Task brief:
No pictures go in the copy. Restate, word for word, each line from the one containing "Скоростна кутия и" through the last line below.
BEGIN Records for this exercise
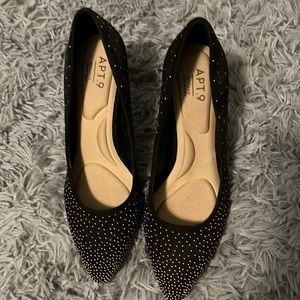 Apt. 9 defined comfort black suede gold studded gold 3” heel like new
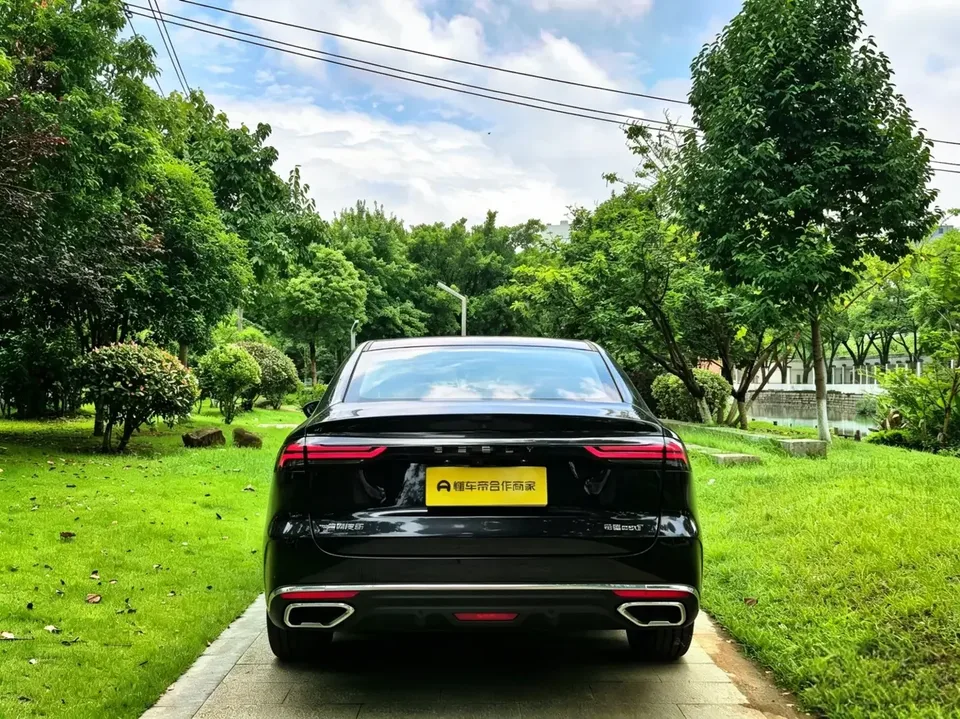 Geely Emgrand emgrand 2026 5th Generation 1.5T DCT Flagship Model 2026 — миниатюра 2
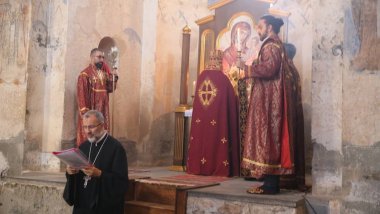 Tarihi Akdamar Kilisesi'nde 11'inci ayin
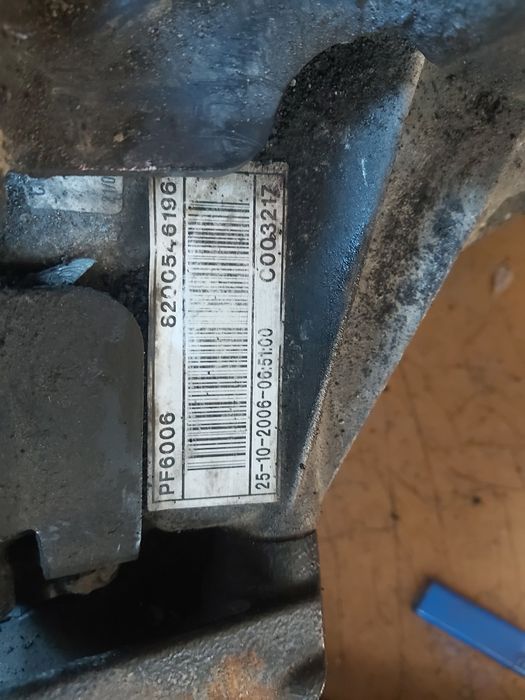 Скоростна кутия и съединител отлични, Рено Мастер  2.5  120 к.с 2006 г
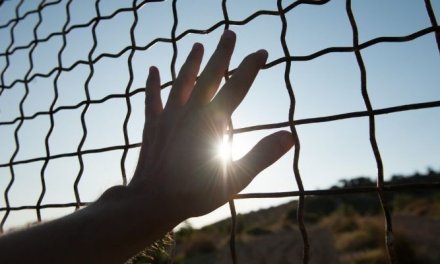 Hope behind the Wire: What refugees in detention think and feel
END Records for this exercise
Task solution:
 Скоростна кутия и съединител отлични, Рено Мастер  2.5  120 к.с 2006 г
 Hope behind the Wire: What refugees in detention think and feel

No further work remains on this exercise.